PUNCH Taverns has unveiled another restructuring plan to cut its £2 billion debt mountain yesterday.
It comes after Punch’s bondholders threw out a previous attempt at slashing the pub giant’s chronic debt burden earlier this year.
Yesterday the group said it was hopeful the latest deleveraging proposal would fare better. Punch, whose 400-plus pubs include the Malt Shovel and Beehive Inn in Edinburgh, said: “The board expects that, given the changes made since 7 February, the revised restructuring proposals will be supported by a broader group of stakeholders.”
Punch also said its third-quarter trading had improved, the dual news sending its shares up 3.9 per cent or 0.5p to 13.25p.
The company amassed the debt in an earlier phase of aggressive expansion, only to be thrown off course by a damaging cocktail of the pub smoking ban, cheap alcohol in supermarkets, and a double-dip recession.
Punch’s chairman Stephen Billingham said that Q3 trading performance had benefited “from recent operational improvements, through continued investment in our core pubs (average £100,000 per pub)”.

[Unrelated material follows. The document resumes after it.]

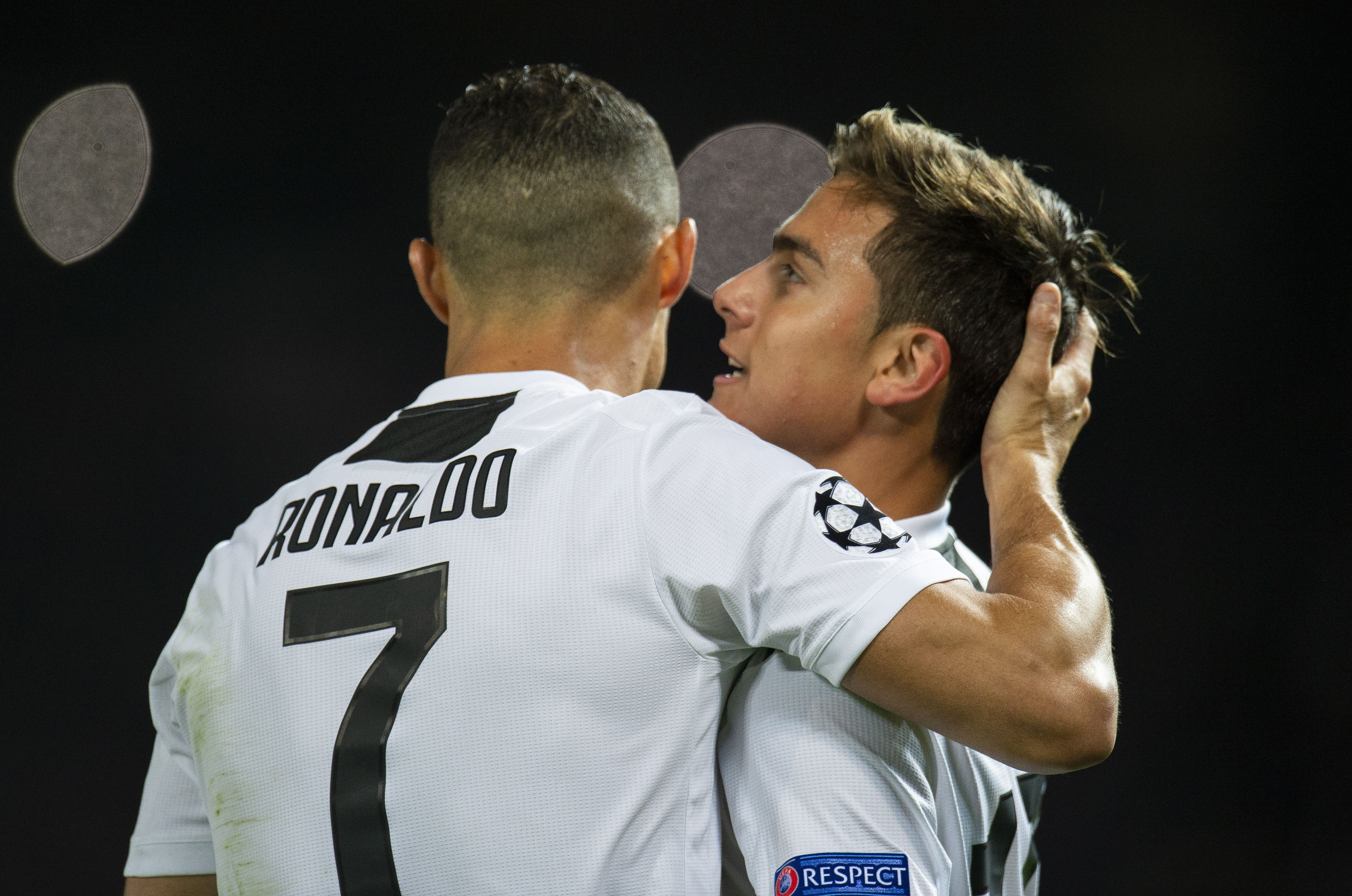 Juventus conquista Old Trafford con gran actuación de Dybala y CR7 (Fotos)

The group said like-for-like net income in the core estate was down 0.7 per cent in Q3, compared with 3.3 per cent lower in the 40 weeks to 25 May.
In a complex plan covering debt split into two securitised vehicles, Punch A and Punch B, the company is targeting a reduction of £600m in the servicing of its debt over five years, cutting cash interest payments to £32m a year.
It also said it would reduce borrowings to about 1.8 times underlying earnings by 2018. The plan means senior bondholders will get an accelerated pre-payment of debt of about £500m over five years.